チャリティゴルフ10年

L.平良 章

 チャリティゴルフはひょんな事から始まった。現在地に内科のオフィスを構えてもうすぐ1年になろうかという初夏のある日、ゴルフの好きな患者が「先生、1周年記念コンペをやろうよ。」と言い出した。ゴルフを始めて間もない私はそれが後々こんなのっぴきならぬ大事業になる事など知る由もなく「よし、やろう」と早速決めてしまった。そして、暑い8月、第一回。その3ケ月後に浜松リバティライオンズクラブへ入会したのがさらに運の尽きで、以来、延々と10回ものチャリティゴルフを主催する事となり、合計金額はついに400万円を突破する事となった。ACT先はスポンサーの斎藤ライオンの発案で交通遺児の育英資金を中心に始まり、その後こども園、ねむの木学園、雲仙普賢岳義援金ときて、今年は医師会を中心とした「外国人労働者医療費援助基金」創設チャリティバザールに情熱を注いでいる。

 その間、浜松市医師会理事として5年、外国人の医療の問題に関わり、今年からはさらに静岡県医師会理事を併任し、ライオンズどころではなくなってしまった。そこでも次々にいろんな事を言ったりやったりするので新風というより厄介な台風のようである。もともとはこっそりやるのが好きで、10回のチャリティゴルフの収益金も売名行為と取られるのが嫌で全て所属の浜松リバティライオンズクラブを通してACTして来たおかげでまだ一度も新聞に載る事もなく目立たないようにうまくやって来たつもりである。ただ、今回のバザールは医師会主催では社団法人の定款にふれるかもしれないという危惧が出て、実行委員会を組織してやるという事になったので、どうしても矢面に立たざるを得なくなってしまった。しかし同時にこのことから、浜松市医師会がジョイントの役割を果たして浜松市内の全ての奉仕団体、8ライオンズクラブ、6ロータリークラブ、JC、ソロプチミストなどが一堂に会して一つの目的に向かって奉仕活動を行うという画期的な試みが成功するかもしれないという極めてエキサイティングな状況に直面している。

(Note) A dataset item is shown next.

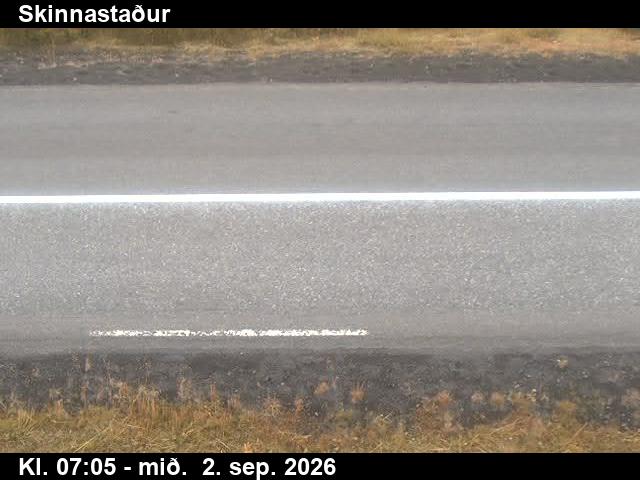 skinnastadur_2-1788339925.jpg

 この事業を成功させるために私自身はできるだけ自分自身 がライオンであるという色を出さずに全ての団体をまとめていかなくてはならないと思う。この事業をなんとか全国に広げたい。ライオンズもロータリーも奉仕団体なのだからメンツにこだわって一緒にいろいろやれないのは不幸な事だと思うし、たとえライオンズから離れてでも本来の「地域社会に対する奉仕」という共通の目的のために全ての奉仕団体を束ねる仕事が出来ればいいなと願っている。浜松リバティライオンズクラブは、今回の医師会のチャリティバザールではなんとしても私の所属クラブとして中心的な役割を果たしていただきたいものだと期待もし、また自分のこのクラブにおける存在意義の有無をかける思いの昨今である。